→ **EXERCISE DETAILS**
Taking the data below, please print only the lines from the line holding "Hey Learners, I'm" to the line holding "You don't want", inclusive, with pictures omitted.

[Stored items]
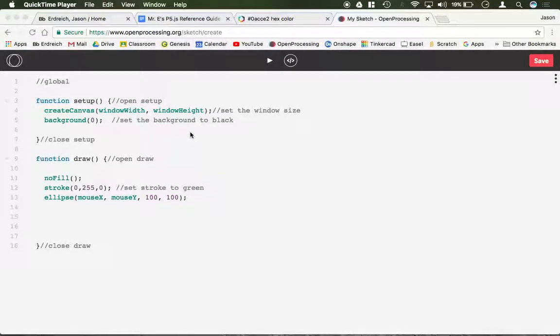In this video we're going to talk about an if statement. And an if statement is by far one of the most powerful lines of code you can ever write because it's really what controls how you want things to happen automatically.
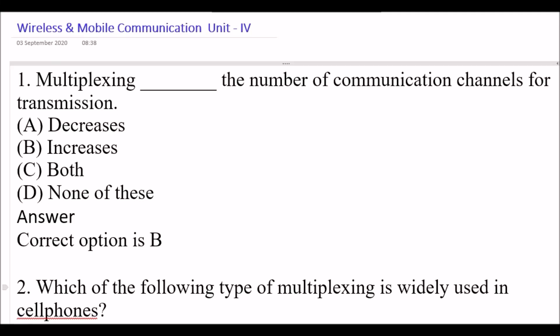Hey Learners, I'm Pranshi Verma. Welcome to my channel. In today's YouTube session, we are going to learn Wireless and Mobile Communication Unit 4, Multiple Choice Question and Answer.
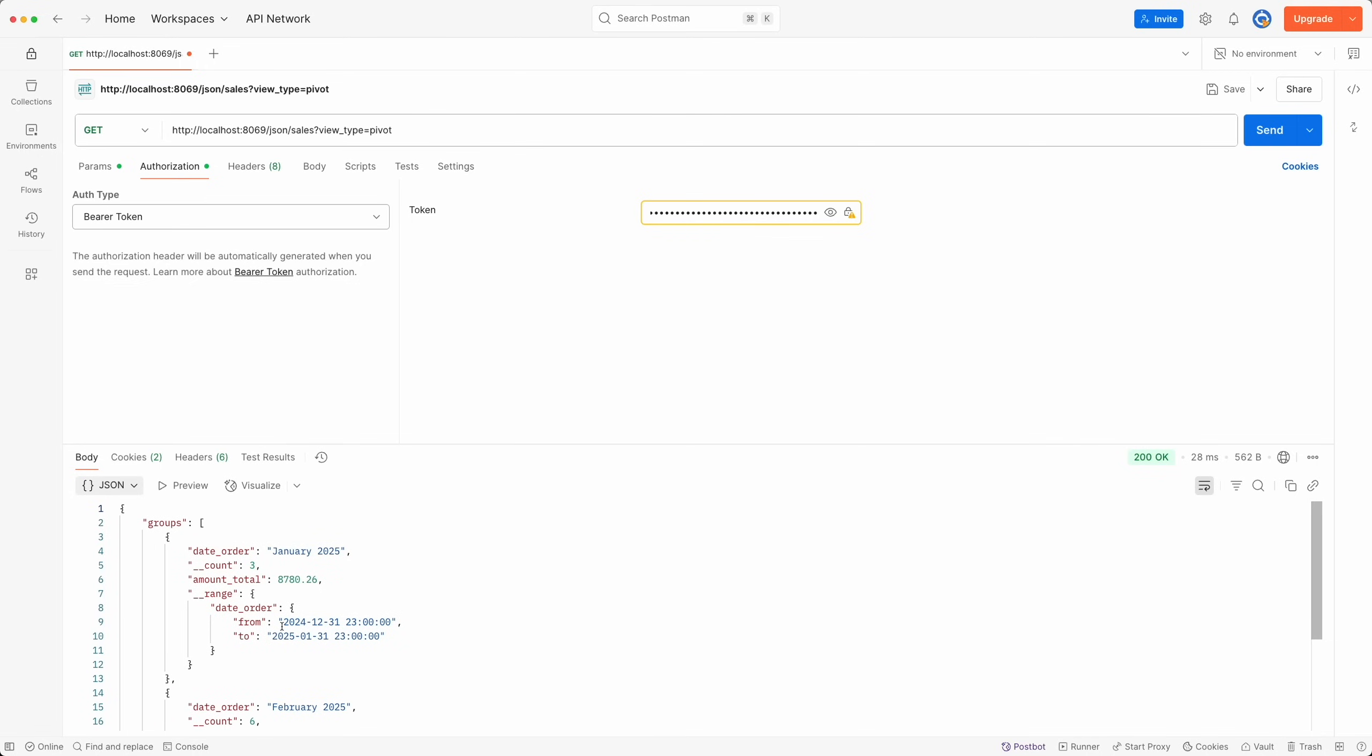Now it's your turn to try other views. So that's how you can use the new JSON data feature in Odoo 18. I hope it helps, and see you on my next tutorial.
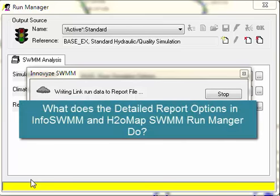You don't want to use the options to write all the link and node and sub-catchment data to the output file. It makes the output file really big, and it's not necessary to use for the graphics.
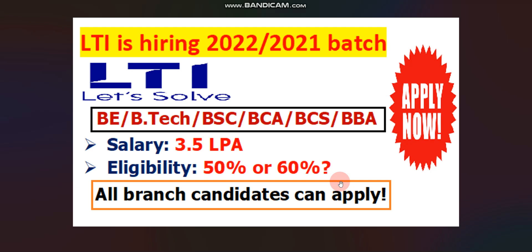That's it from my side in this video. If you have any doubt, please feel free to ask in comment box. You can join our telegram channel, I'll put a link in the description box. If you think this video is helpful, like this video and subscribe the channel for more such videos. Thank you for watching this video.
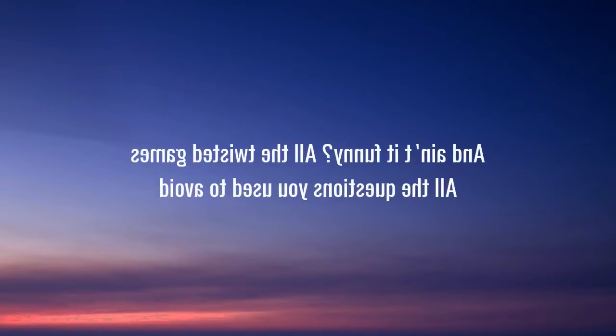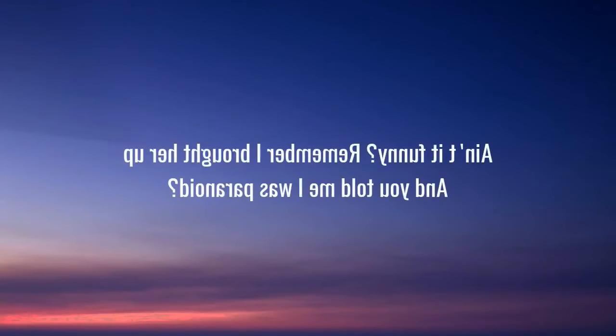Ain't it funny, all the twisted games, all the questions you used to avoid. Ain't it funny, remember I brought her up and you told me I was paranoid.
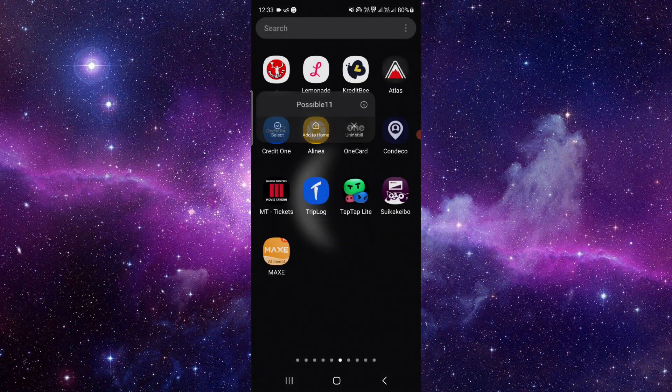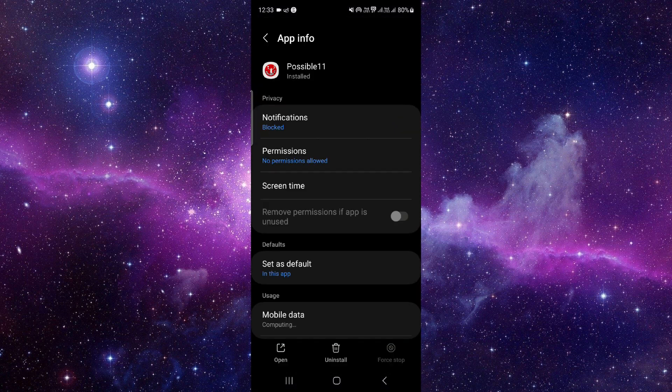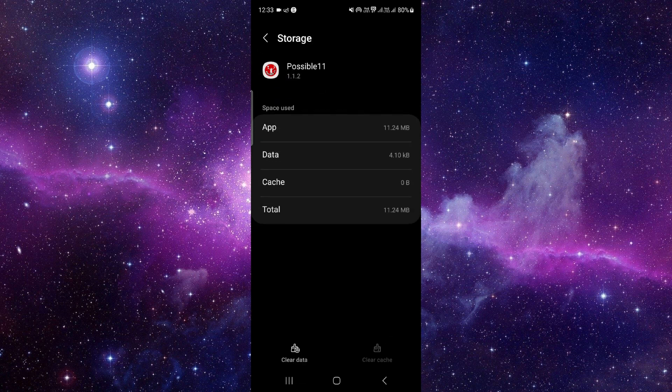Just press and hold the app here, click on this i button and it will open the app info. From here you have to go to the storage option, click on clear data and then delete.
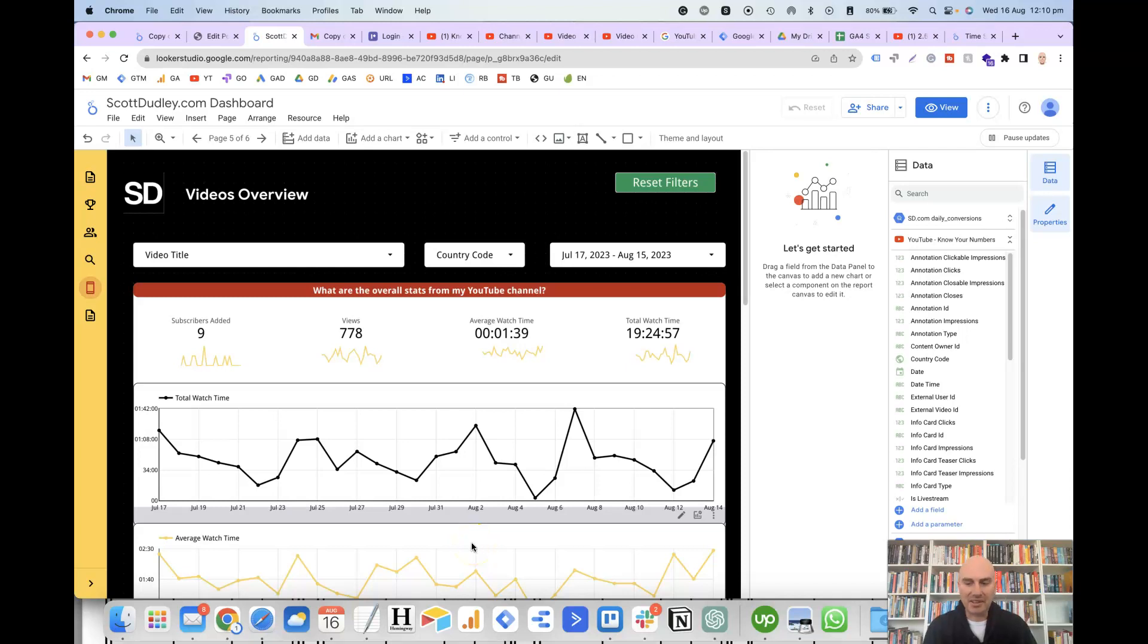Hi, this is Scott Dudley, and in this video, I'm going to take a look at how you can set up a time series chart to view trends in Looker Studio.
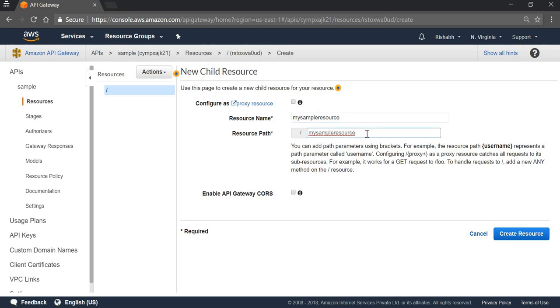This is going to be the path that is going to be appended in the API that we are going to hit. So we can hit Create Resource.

→ **WRITTEN ANSWER**
Hey Learners, I'm Pranshi Verma. Welcome to my channel. In today's YouTube session, we are going to learn Wireless and Mobile Communication Unit 4, Multiple Choice Question and Answer.
Now it's your turn to try other views. So that's how you can use the new JSON data feature in Odoo 18. I hope it helps, and see you on my next tutorial.
You don't want to use the options to write all the link and node and sub-catchment data to the output file. It makes the output file really big, and it's not necessary to use for the graphics.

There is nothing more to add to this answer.